[Start of Attachment]
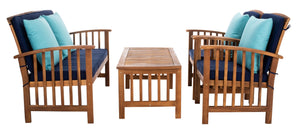 Safavieh ROCKLIN 4-Piece Outdoor Set - Stylish Acacia Wood Frame with Cozy All-Weather Cushions & Pillows Natural / Nvy+Solid Plw PAT7007C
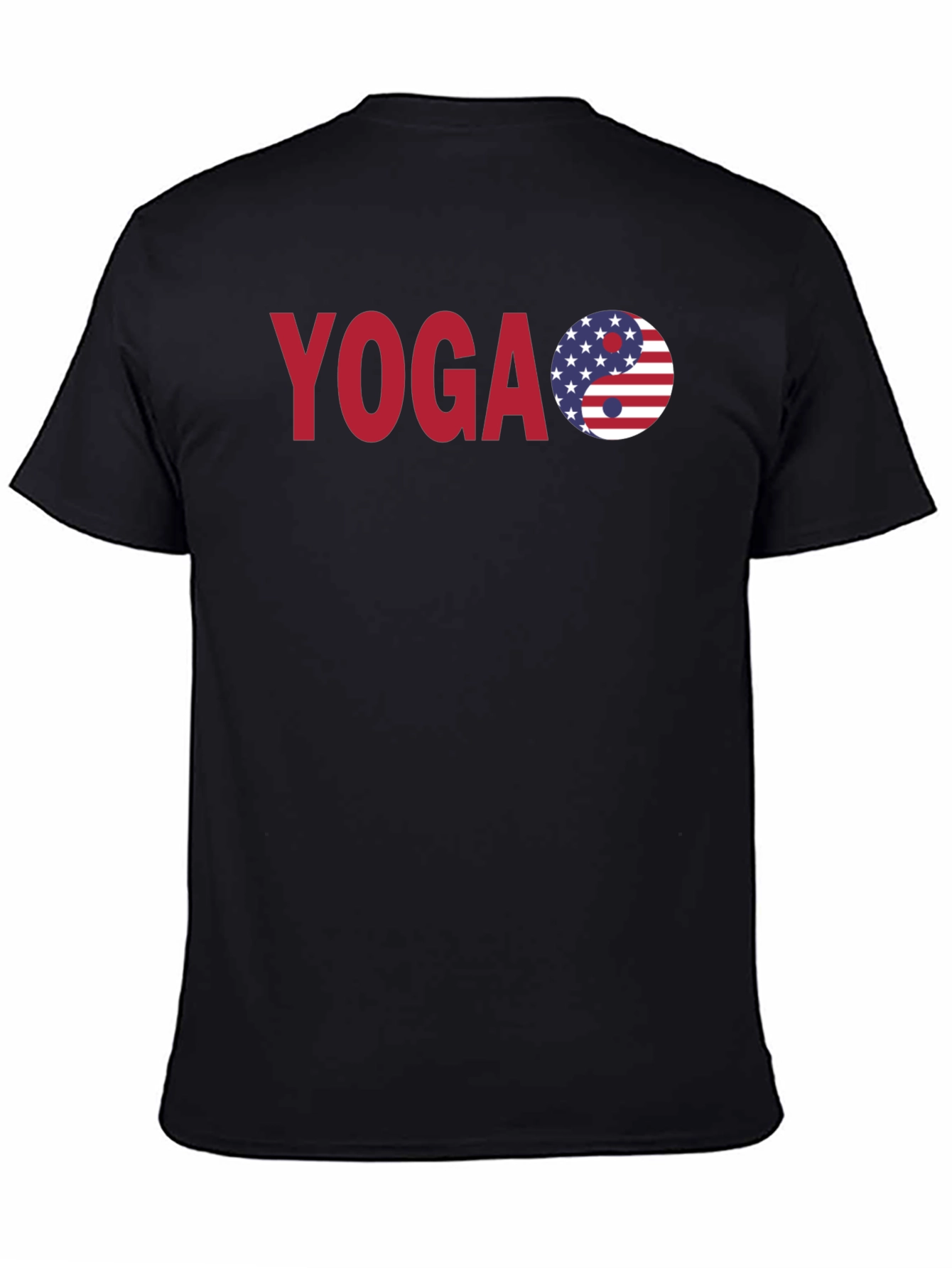 Yoga Yin Yang USA Flag Graphic Black T-Shirt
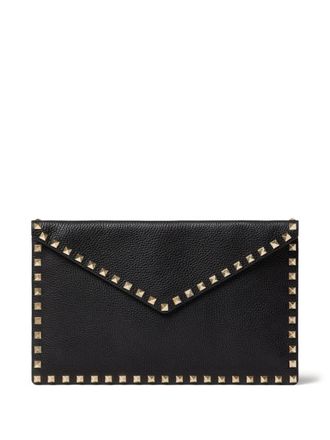 Valentino Garavani Rockstud envelope clutch - Zwart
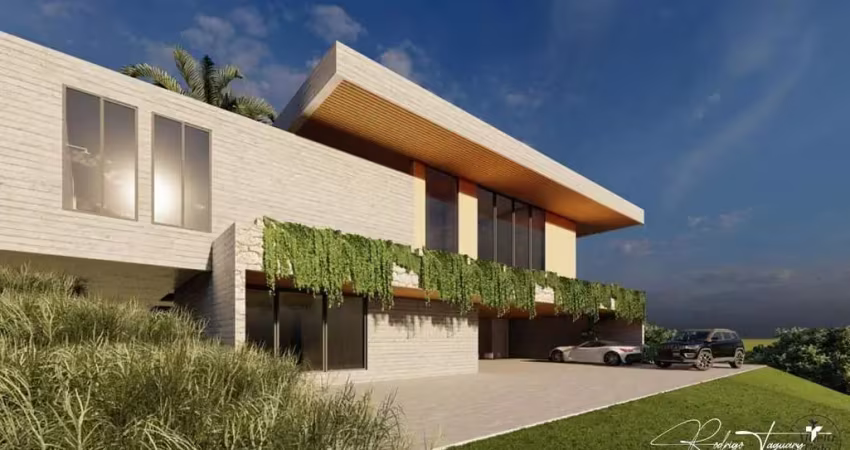 Casa moderna em construção no aldeia do vale com 4 suítes, elevador panorâmico e lazer completo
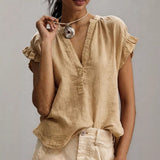 Women's Blouse Ruffle Sleeve V Neck Textured Front – Daytime Picnic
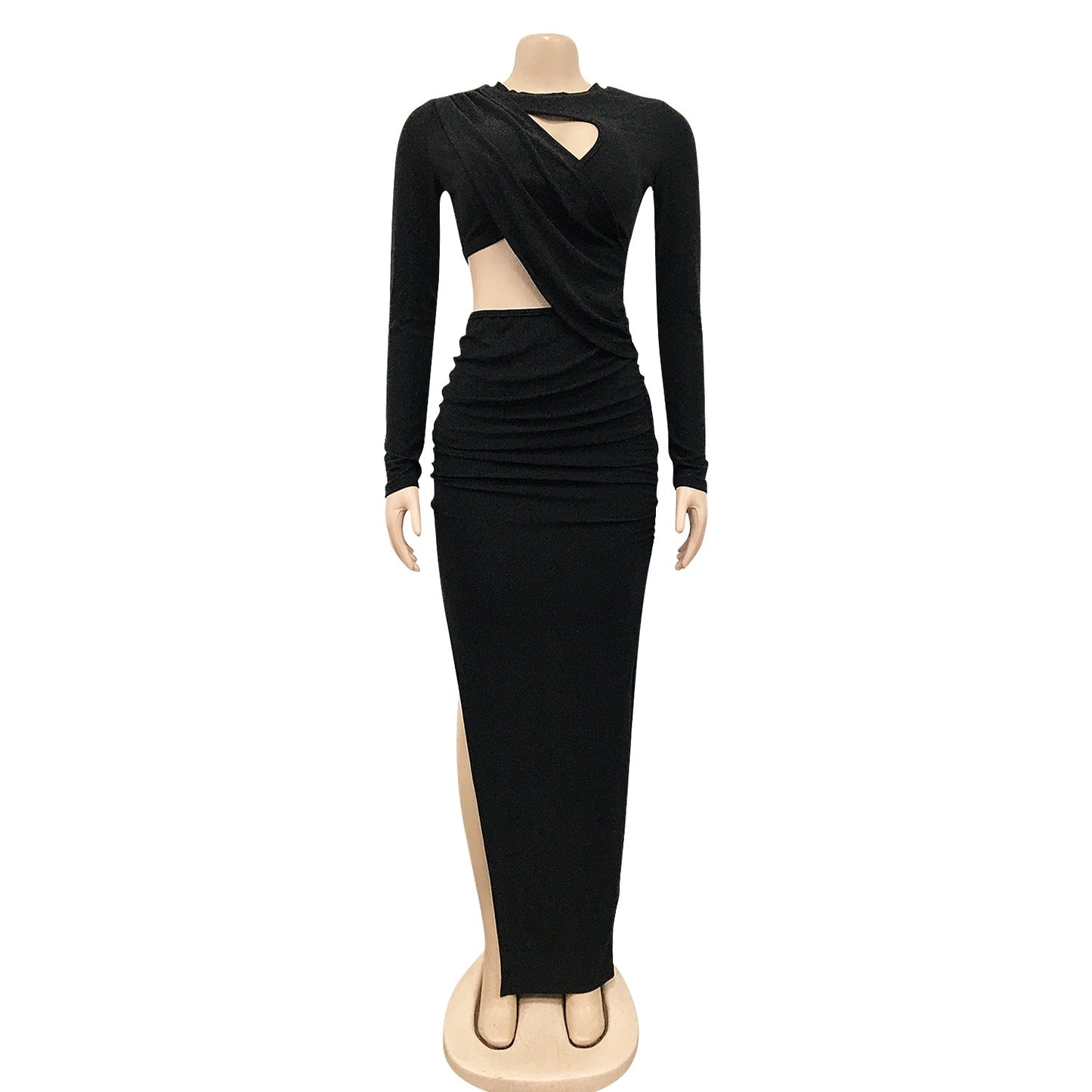 Elegant Glitter Solid Long Women Dress Sexy Cut Out O Neck Long Sleeve High Slit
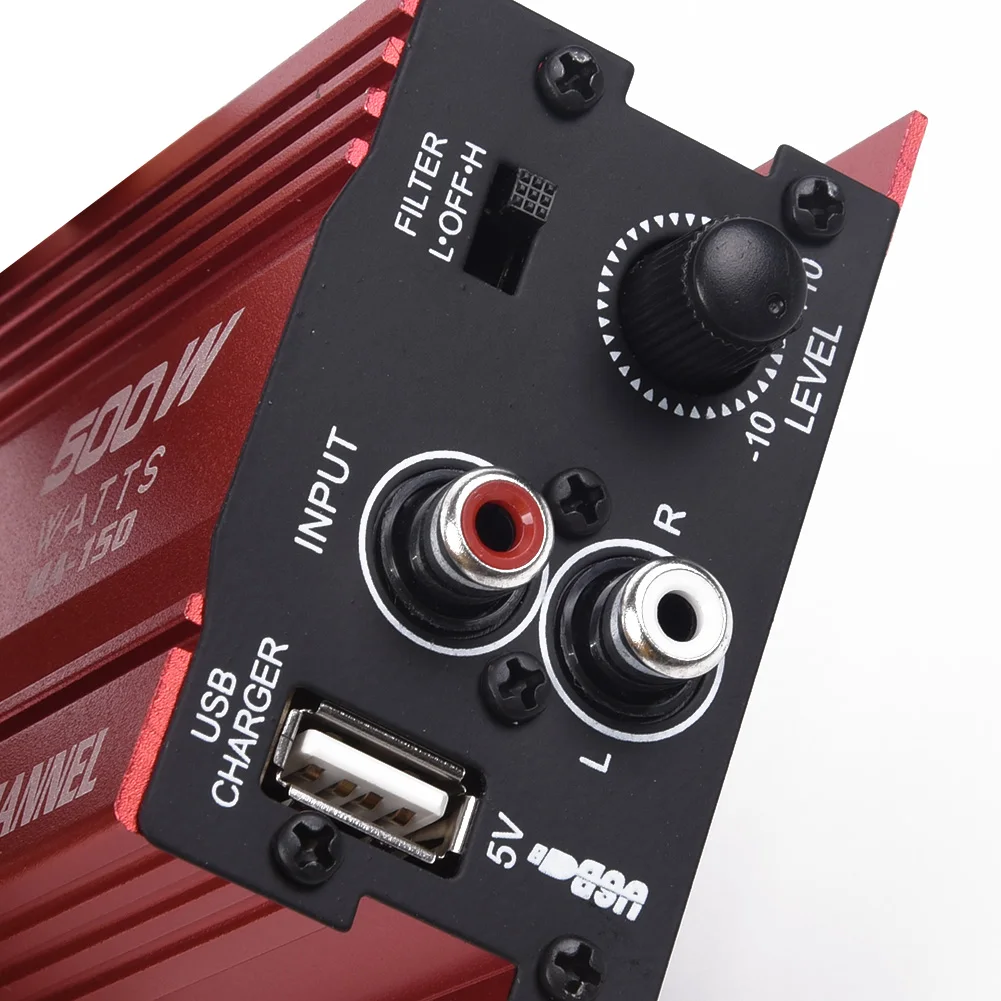 1 Pc Red Car Audio Amplifier 12V 500W 2 Channels Mini Hi-Fi Stereo Audio Amplifier Amp Subwoofer Aluminum Alloy Car Electronics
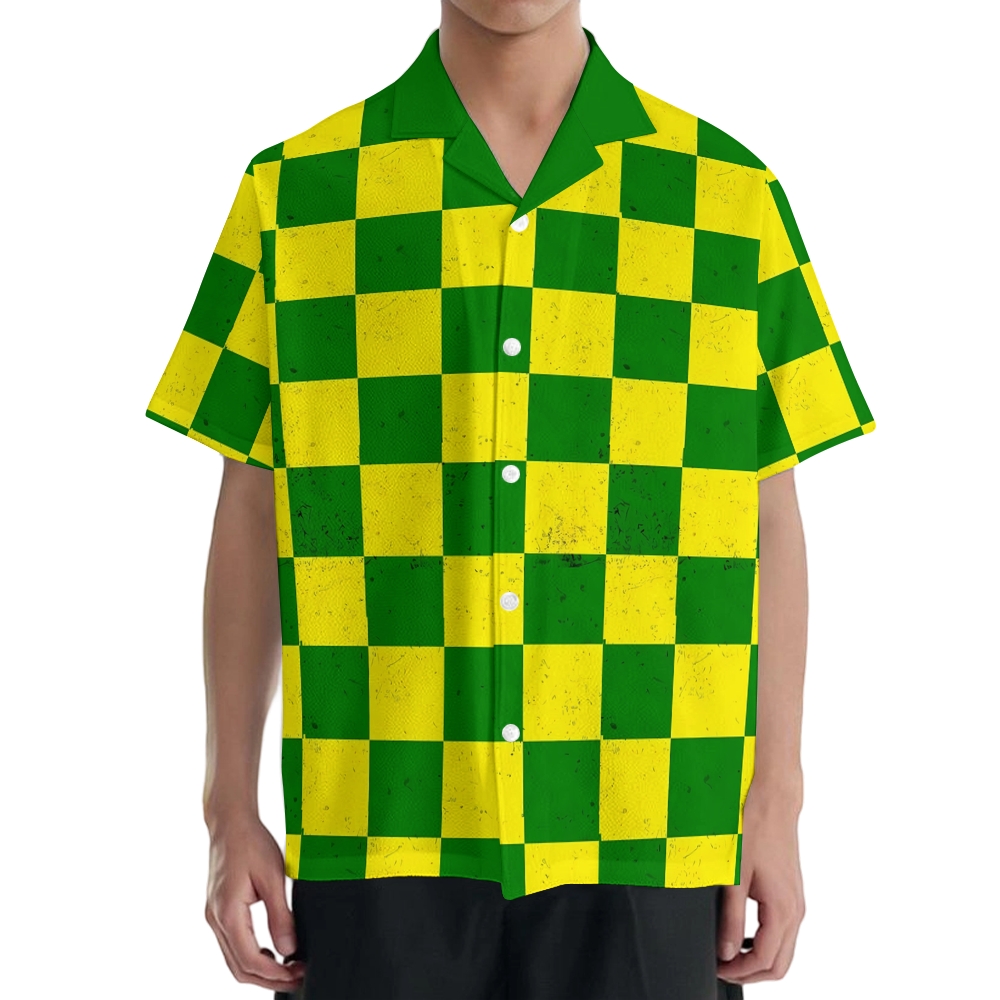 Brazil Soccer Plaid Japanese Style Camp Shirt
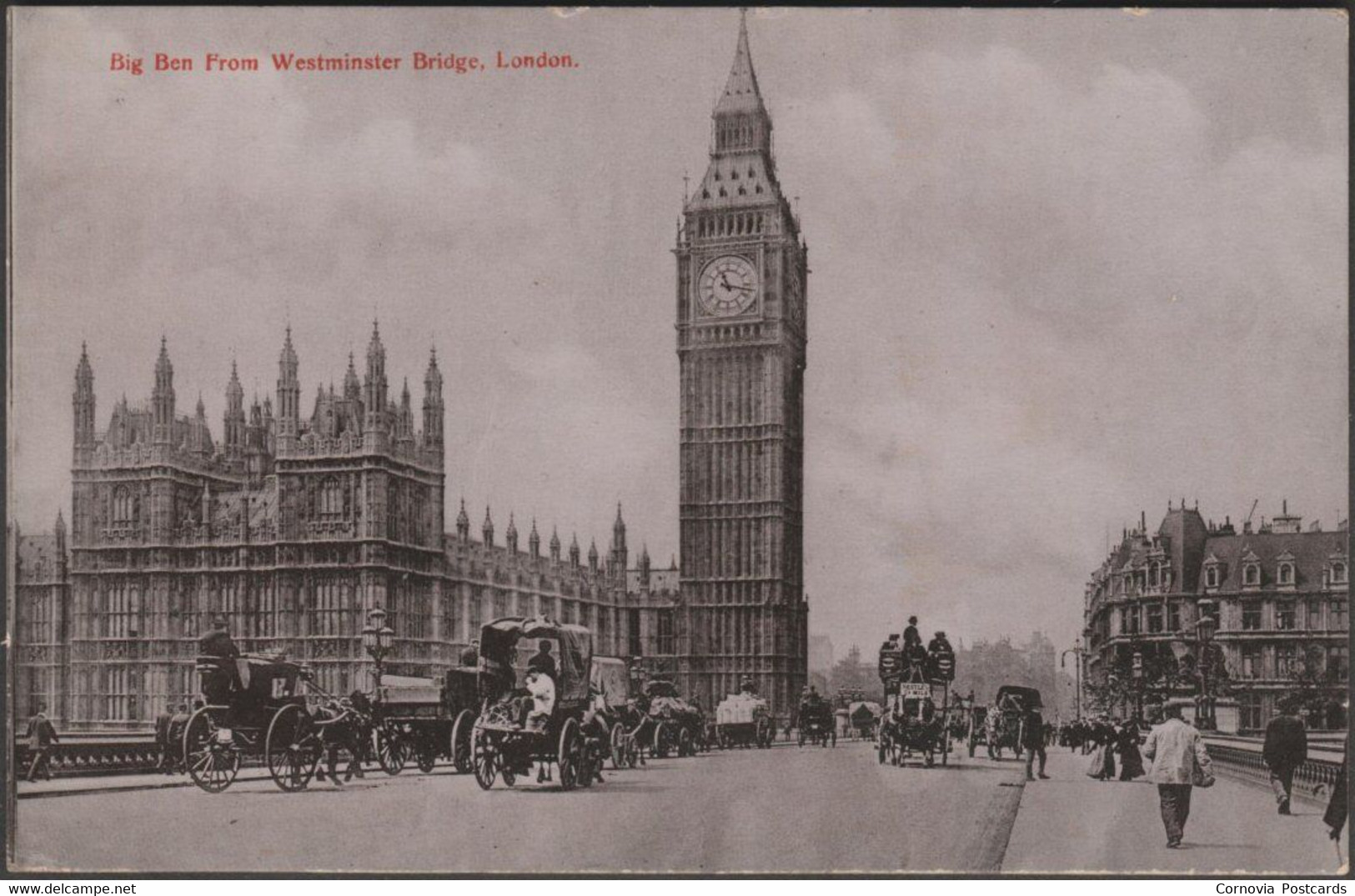Big Ben From Westminster Bridge, London, C.1905-10 - Sandle Brothers Sample Postcard - Houses Of Parliament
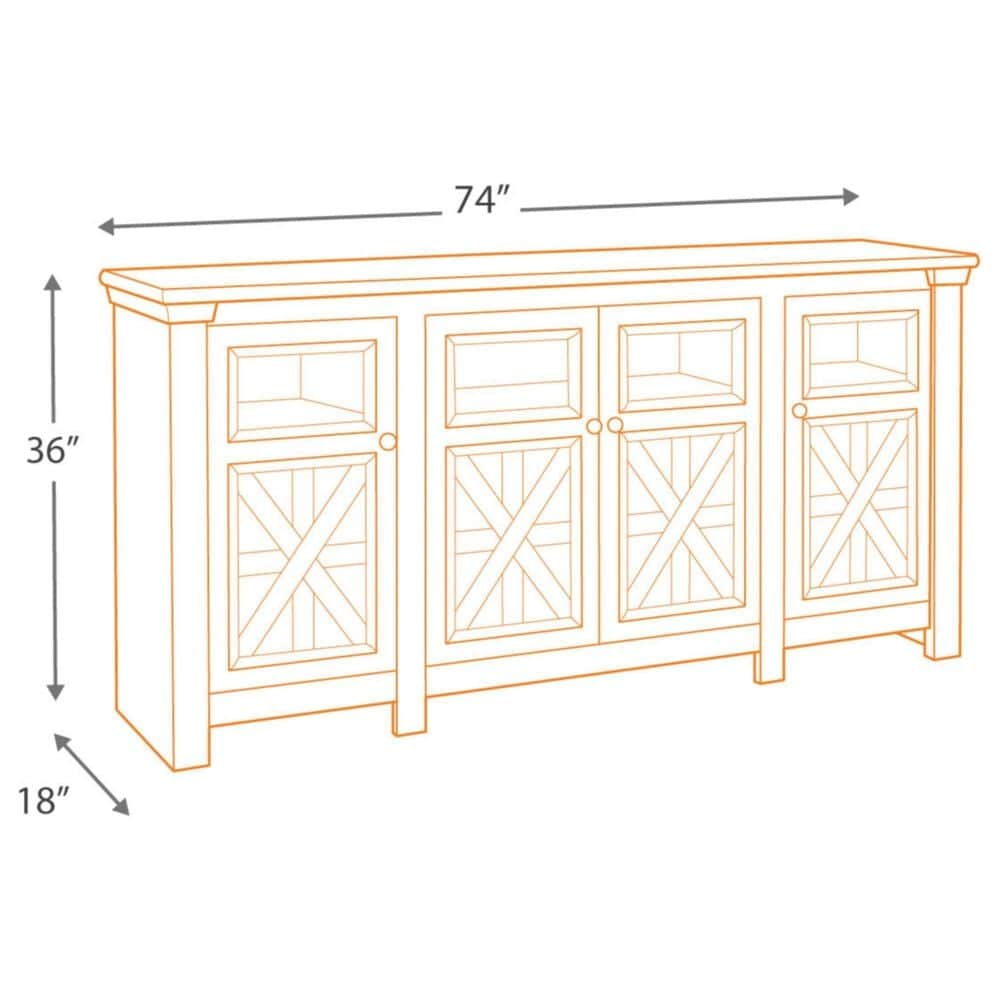 Ashley Bolanburg Extra Large 74&quot; TV Stand in Antique White and Weathered Oak Top, , large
[End of Attachment]
Exercise: Exactly the lines from the one that contains "1 Pc Red Car" to the last line of the data, both included, should be set down, and no pictures should appear among them.

Answer section:
 1 Pc Red Car Audio Amplifier 12V 500W 2 Channels Mini Hi-Fi Stereo Audio Amplifier Amp Subwoofer Aluminum Alloy Car Electronics
 Brazil Soccer Plaid Japanese Style Camp Shirt
Big Ben From Westminster Bridge, London, C.1905-10 - Sandle Brothers Sample Postcard - Houses Of Parliament
 Ashley Bolanburg Extra Large 74&quot; TV Stand in Antique White and Weathered Oak Top, , large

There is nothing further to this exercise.